All of IBM

IBM Haifa Labs

# A Kernel-based Communication Fault Injector for Dependability Testing of Distributed Systems

Roberto Jung Drebes, Gabriela Jacques-Silva, Joana Matos Fonseca da Trindade, and Taisy Silva Weber, Instituto de Informatica - Universidade Federal do Rio Grande do Sul

Software-implemented fault injection is a powerful strategy to test fault-tolerant protocols in distributed environments. In this paper, we present ComFIRM, a communication fault injection tool we developed that minimizes the probe effect on the tested protocols. ComFIRM explores the possibility of inserting code directly inside the Linux kernel in the lowest level of the protocol stack through the load of modules. The tool injects faults directly into the message exchange subsystem, allowing the definition of test scenarios from a wide fault model that can affect messages being sent and/or received.
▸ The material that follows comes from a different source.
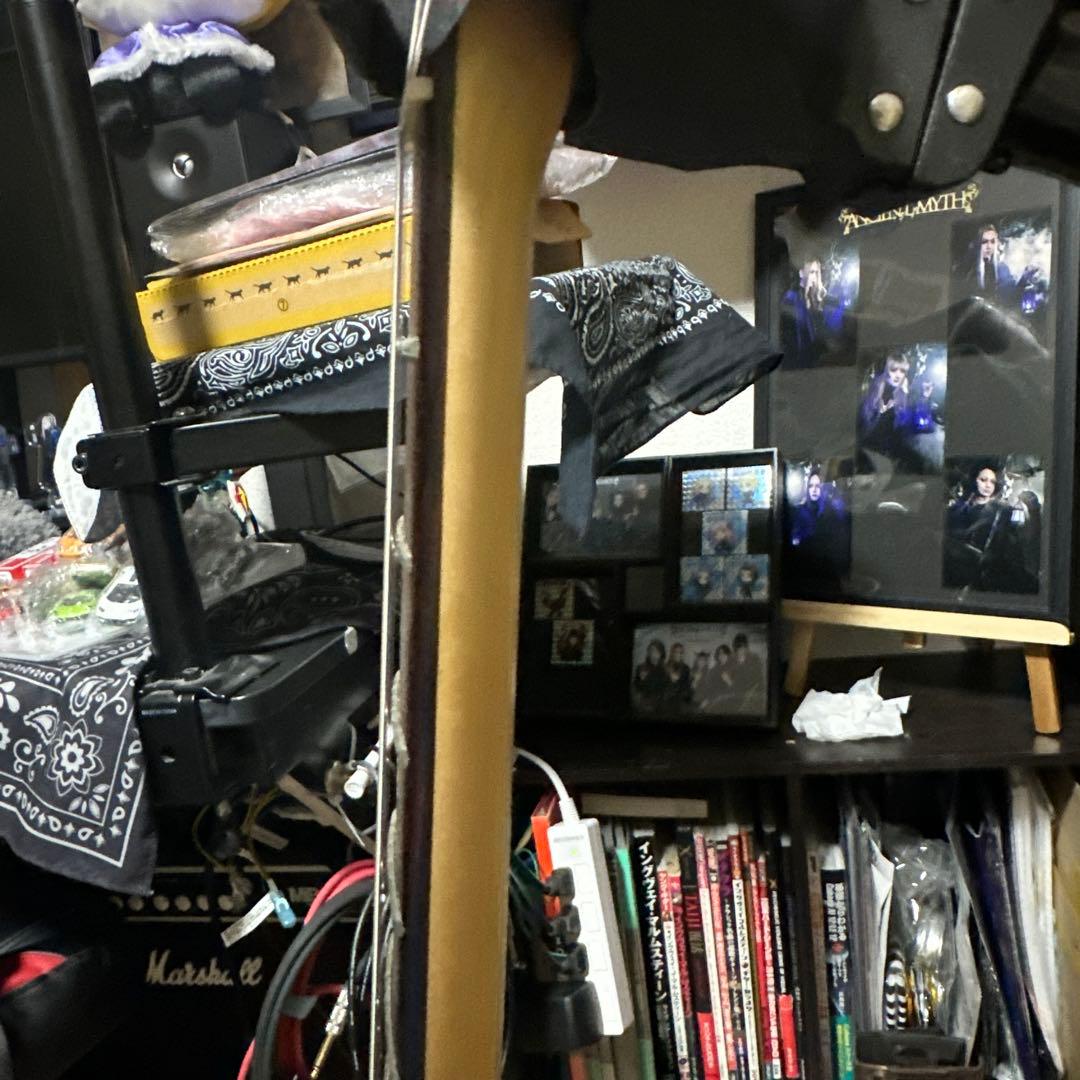 ギター ARIA Pro IIEvergreen 714-AE200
Additionally, the tool is demonstrated in an experiment that applies the fault injector to evaluate the behavior of a group membership service under communication faults.

# Invited Talk: Testing of MPI Software

Dan Quinlan, Lawrence Livermore National Laboratory

Large-scale scientific applications using the Message Passing Interface (MPI) standard are often difficult to test. Systems at DOE laboratories commonly use thousands of processors and emerging systems have tens of thousands of processors. The development environment for these systems is typically a small fraction of the whole machine and tools are often difficult to use at larger sizes. The problem is that applications often exhibit timing issues such as deadlocks and races on the real execution environment that they did not show in the small development environment. Thus, a method that causes applications to exhibit the bugs in the simpler development environment is crucial.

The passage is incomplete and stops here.